Images are to be skipped; everything else in the records must be repeated exactly.

Data under study START

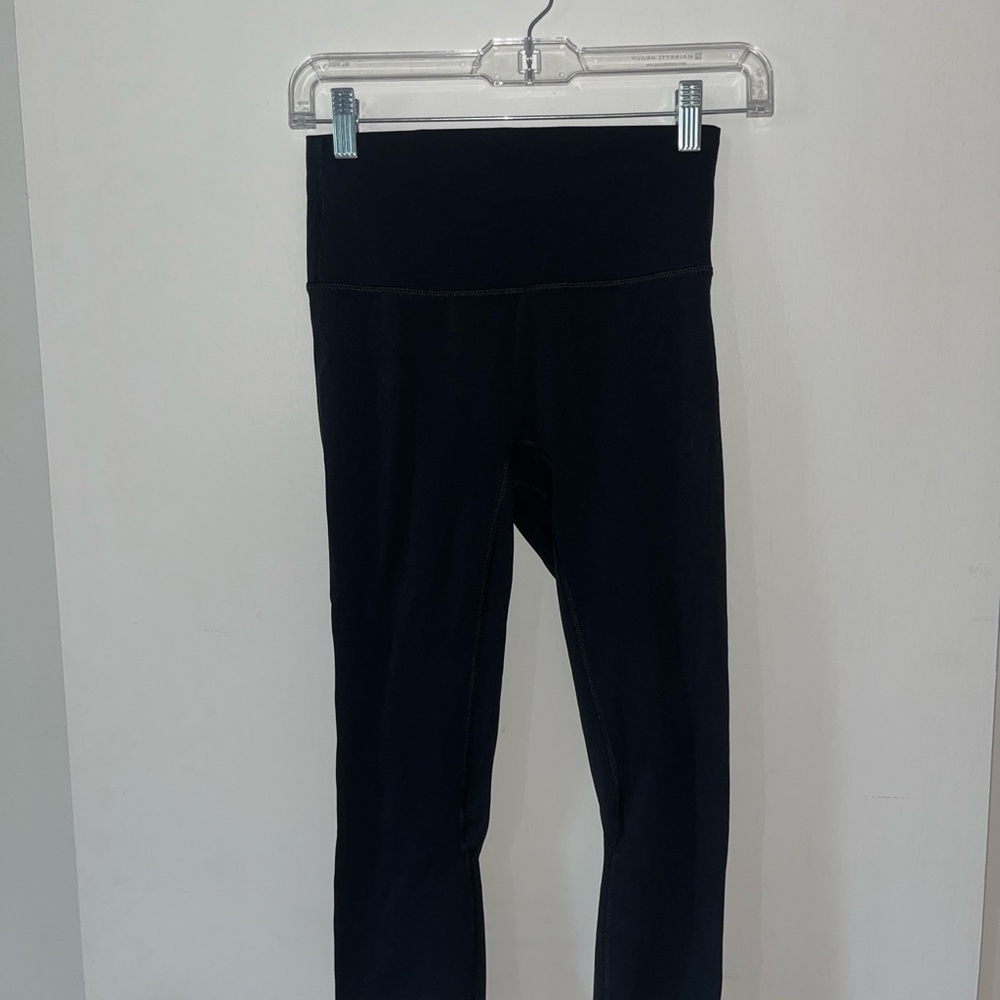 ALO Yoga Black Leggings Sleek Comfortable Fit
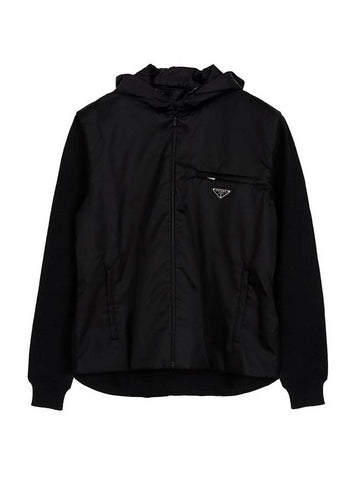 Black Triangle Logo Re-nylon Gabardine Hooded Zip-up Jacket UMG026 1JF4 F0002 - PRADA - BALAAN 1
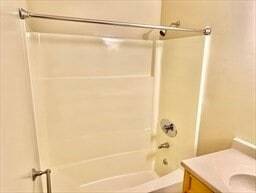 Building Photo - 4700 N Main St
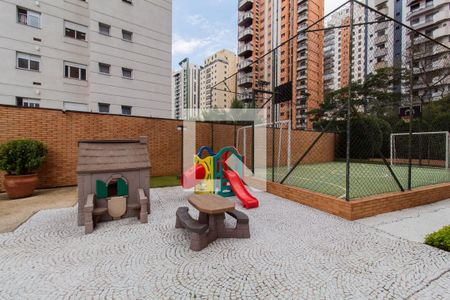 Apartamento para alugar com 247m², 3 quartos e 4 vagas Apartamento para alugar com 247m², 3 quartos e 4 vagasÁrea comum - Playground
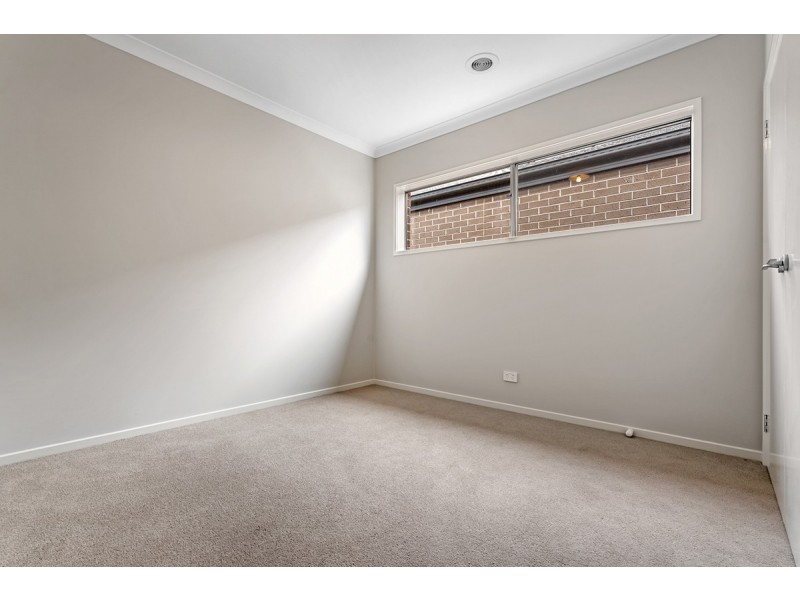 7 Millau Avenue, Craigieburn VIC 3064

Data under study END

* Result below:
 ALO Yoga Black Leggings Sleek Comfortable Fit
 Black Triangle Logo Re-nylon Gabardine Hooded Zip-up Jacket UMG026 1JF4 F0002 - PRADA - BALAAN 1
 Building Photo - 4700 N Main St
 Apartamento para alugar com 247m², 3 quartos e 4 vagas Apartamento para alugar com 247m², 3 quartos e 4 vagasÁrea comum - Playground
 7 Millau Avenue, Craigieburn VIC 3064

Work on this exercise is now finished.